Mark has trained horses that have been shown across Canada and the United States and he has now added the ad to his resume, becoming the voice of many horse shows. He will do some 70 hunter rider shows at Palgrave this year alone, as well as 15 Quarter Horse shows.

Mark has one horse now and expects to have two more this year.

As a member of the Hunt Club he rides regularly and two years ago he wrecked quite a bit. He fell from his mount after a jump and suffered three fractures, including that of the pelvis. Two months later, he was riding in Florida, to the amazement of many. Marks responds, that’s what he does, it’s as simple as that.

Mark is hoping to have another farm this year and says he will treat it as a hobby but now he has a Hanoverian who is going to be a big horse and he also wants to have another quarter horse so need to work out how much too of hobby farm it will be.

Another endeavor Mark has explored is taking action. He’s been in various commercials and did a series last year. He performed on stage but has currently told his agent to put him on hold until things get back to some semblance of normal.

Mark paints exclusively with acrylic paints and he actually uses dollar store brushes! he says his art store owner friends are horrified.

Mark paints in almost every style, from abstract to very realistic horses and other animals as well as landscapes.

One of its distinguishing features is the exotic texture of the backgrounds in its abstracts. He creates them with shower squeegees or kitchen spatulas, rather than palette knives and they make his paintings stand out from the crowd.

The animal and horse paintings are all started with incredibly realistic eyes. The eyes are the first thing that catches your eye in the painting, you could almost swear they are real eyes.

From there, Mark chooses the unique color schemes that make his abstracts so unique, or continues to paint in a more realistic approach. The end results are more than eye-catching and sell out fast.

One of his styles looks so real you’d think it was a black and white photograph. He works from photographs that he holds in one hand while he paints. Mark uses a sheet of paper for his palette and mixes his colors on it. he lays down all his colors and paints and mixes as he works.

In the theme of painting as a business, Mark will repaint a work to suit a buyer.

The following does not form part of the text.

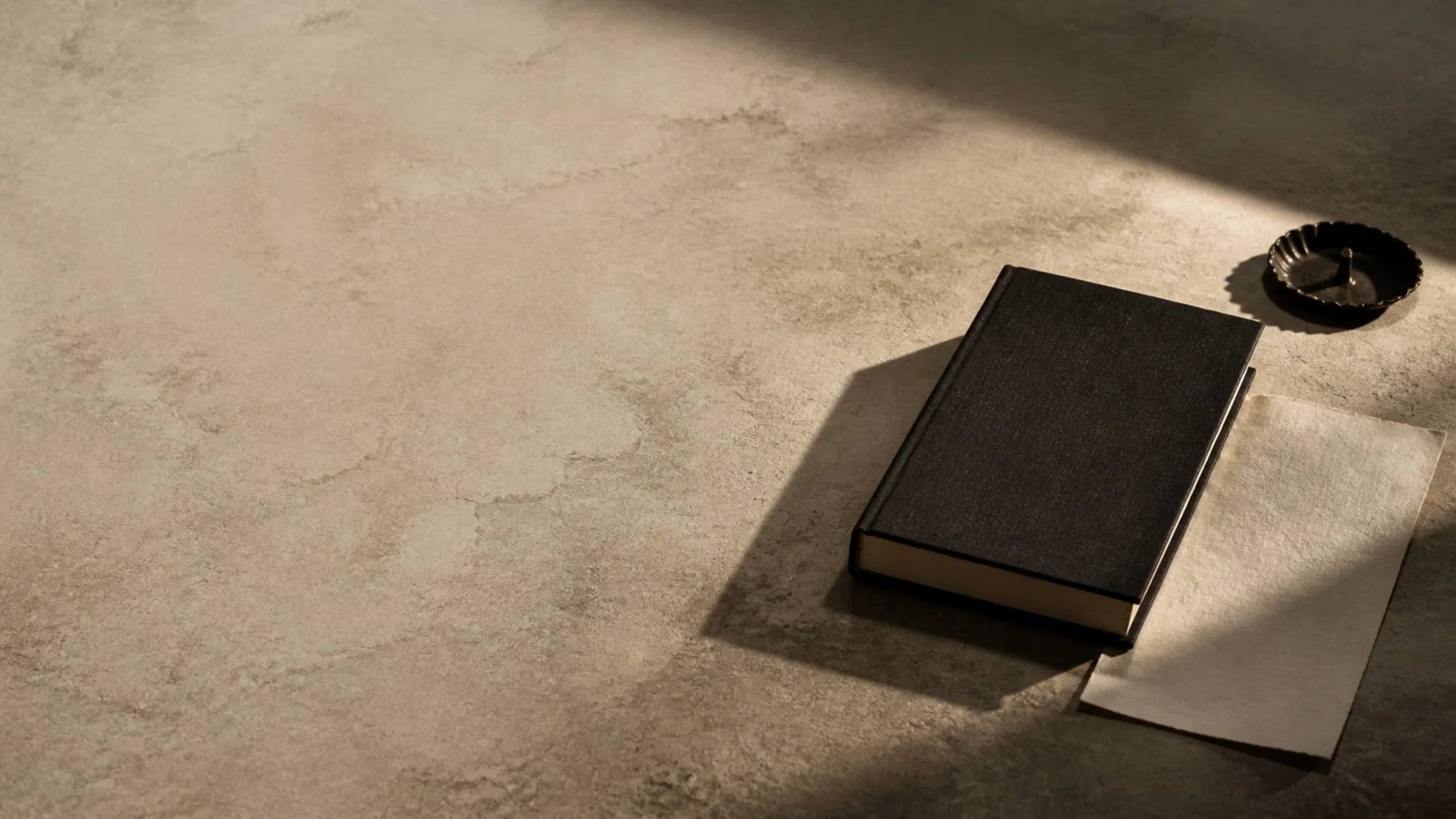 Mesa de pedra com um livro de capa dura fechado, sob luz lateral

He said that if someone likes one of his paintings but is worried that their living room has green accents and there are no greens in the landscape painting, he would ask where they would like to see the greens and he would come down to the studio and paint them. in.

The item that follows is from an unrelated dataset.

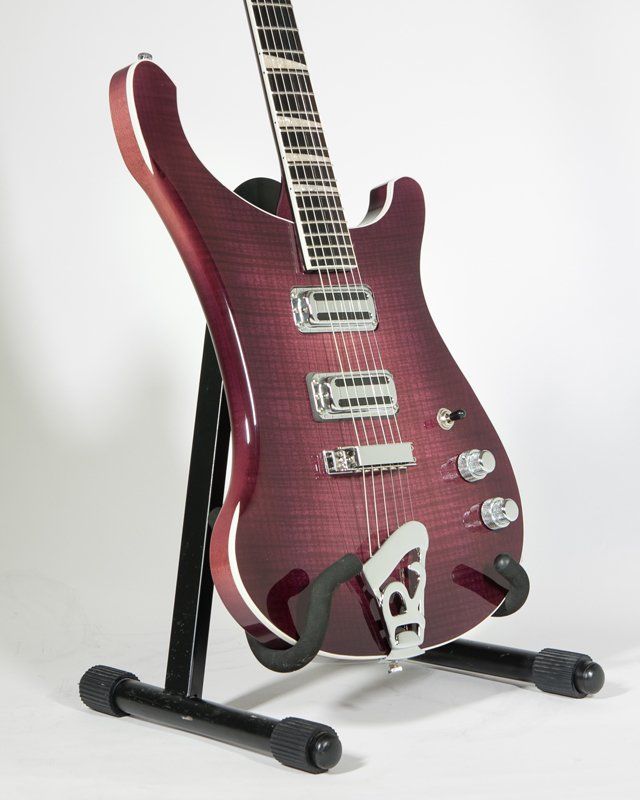 A purple electric guitar is sitting on a black stand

When asked how he used acrylic and not oil, Mark answered the drying time and the different technique.

He said acrylics dry in minutes compared to days or even weeks for oil. Acrylic is just an extension of his hand. he has no interest in oil painting, although he did one when he was around 15.

Charcoals hold a certain fascination, but he feels he hasn’t done enough to collect this art form, so isn’t doing them at the moment.

Mark works a little with pastel pencil and he draws his shapes on his canvases before painting them. This gives him insight into the shapes he works with.

Mark buys his ready-made paintings from Michaels. He does not stretch his.

“Why would I?” said Mark. “It’s my business and my time is better spent painting than playing with the canvas.”

Look at the Group of Seven, he said. They toiled over whatever they found – old pieces of plywood or practical boards. They didn’t care about the materials, only the resulting art.

Many of its sales come from Facebook. He finishes a job, uses his phone to take a photo, maybe adjusts the exposure slightly, then posts it to his page. Sales inquiries follow soon.

All in all, Mark Grice has led a life filled with interests as an artist, businessman, actor, champion rider, and interesting man. He is a living example of someone who saw where he wanted to go and who he wanted to be and got there, in style. Perhaps, the perfect subject for a book or an autobiography, with a touch of fiction for the mystery.